* **Problem requirements**:
All of the lines below are to be transcribed faithfully, with pictures excluded from the copy.

──────── Collected material ────────

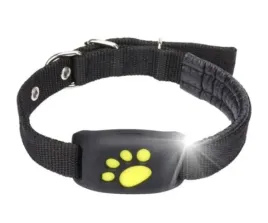 lokalizator-gps-niktrade-52728225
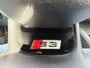 Audi A3 S3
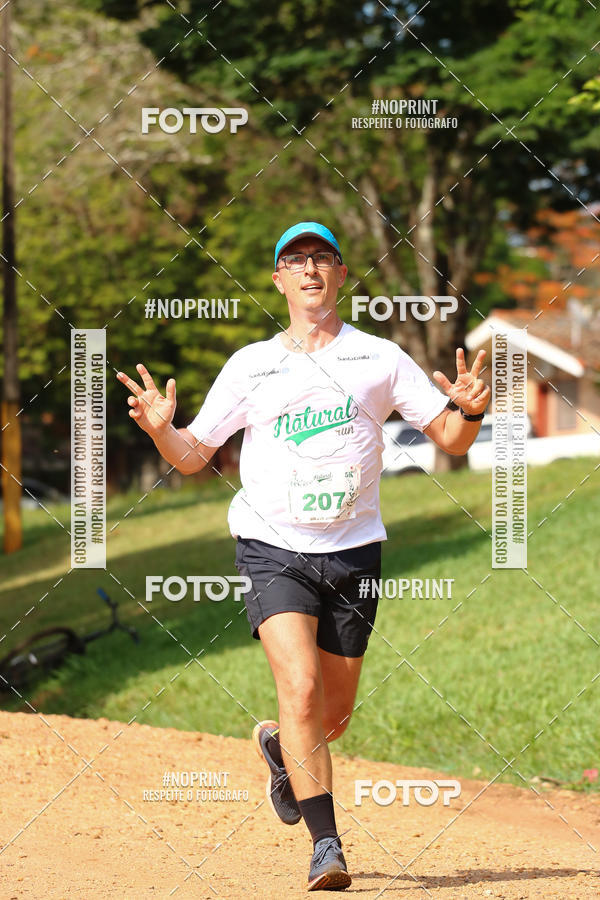 Buy your photos of the eventNATURAL RUN - 2019 on Fotop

────────

* **Result of the exercise**:
 lokalizator-gps-niktrade-52728225
 Audi A3 S3
 Buy your photos of the eventNATURAL RUN - 2019 on Fotop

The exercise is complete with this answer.